▶ [EXERCISE DIRECTIONS]
A word-for-word copy of the records that follow is needed, with every picture omitted.

▶ [Image-caption web data]

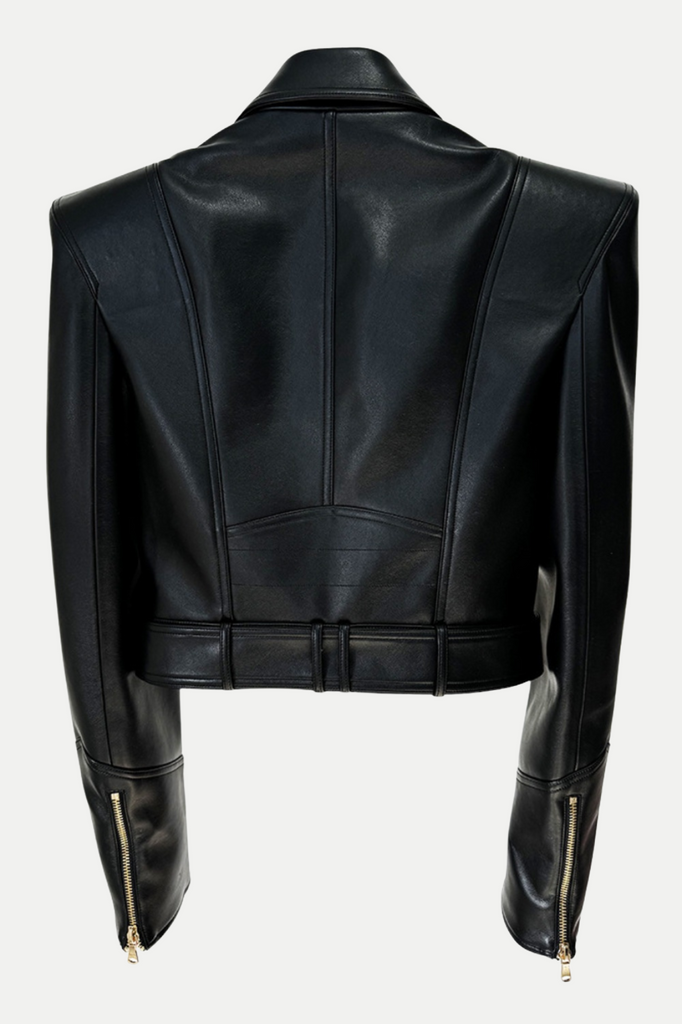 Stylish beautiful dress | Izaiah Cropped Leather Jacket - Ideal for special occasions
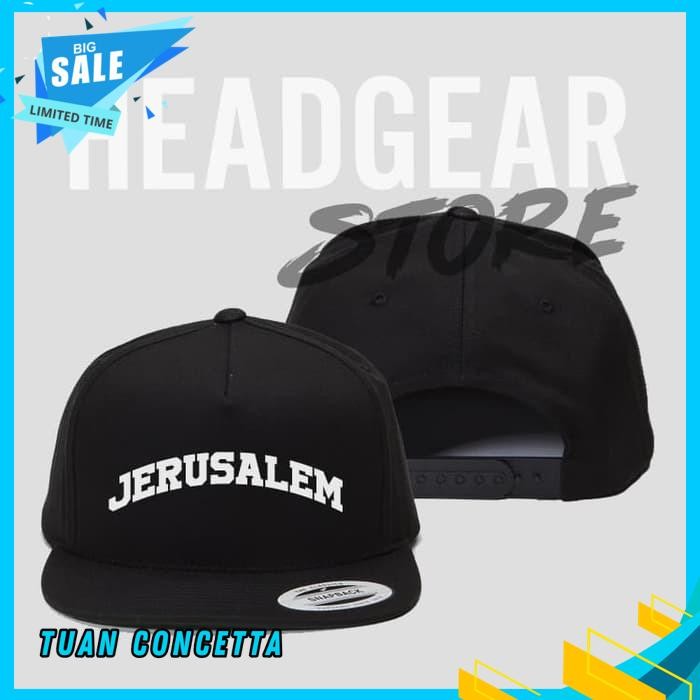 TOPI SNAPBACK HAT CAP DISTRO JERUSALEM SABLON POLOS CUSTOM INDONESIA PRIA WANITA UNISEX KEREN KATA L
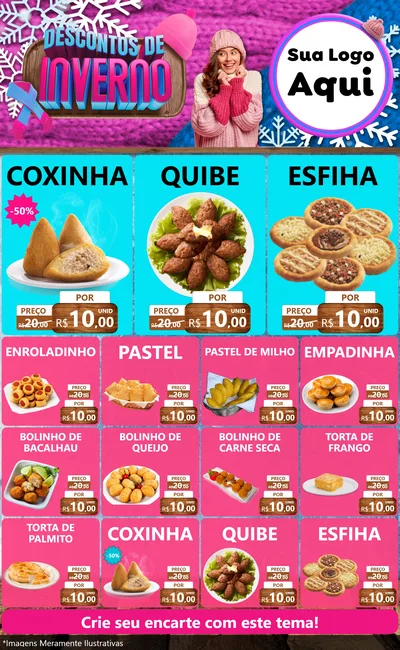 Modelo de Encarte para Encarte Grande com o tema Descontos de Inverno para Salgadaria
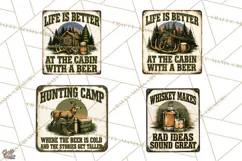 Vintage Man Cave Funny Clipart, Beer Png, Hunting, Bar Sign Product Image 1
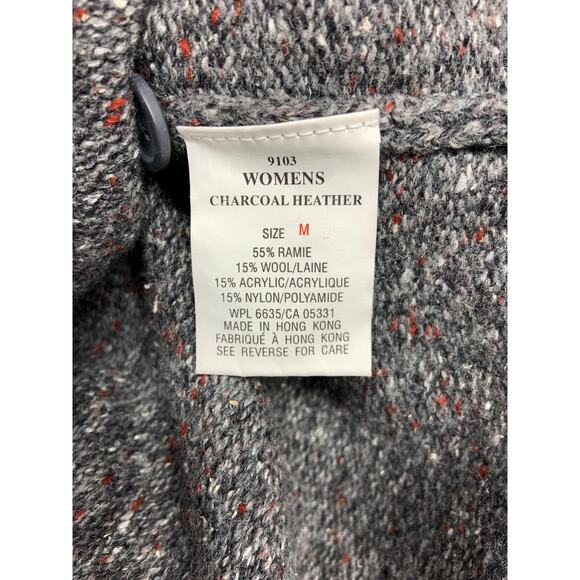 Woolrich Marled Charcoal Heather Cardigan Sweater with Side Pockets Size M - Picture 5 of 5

▶ [TASK RESPONSE]
 Stylish beautiful dress | Izaiah Cropped Leather Jacket - Ideal for special occasions
 TOPI SNAPBACK HAT CAP DISTRO JERUSALEM SABLON POLOS CUSTOM INDONESIA PRIA WANITA UNISEX KEREN KATA L
 Modelo de Encarte para Encarte Grande com o tema Descontos de Inverno para Salgadaria
 Vintage Man Cave Funny Clipart, Beer Png, Hunting, Bar Sign Product Image 1
 Woolrich Marled Charcoal Heather Cardigan Sweater with Side Pockets Size M - Picture 5 of 5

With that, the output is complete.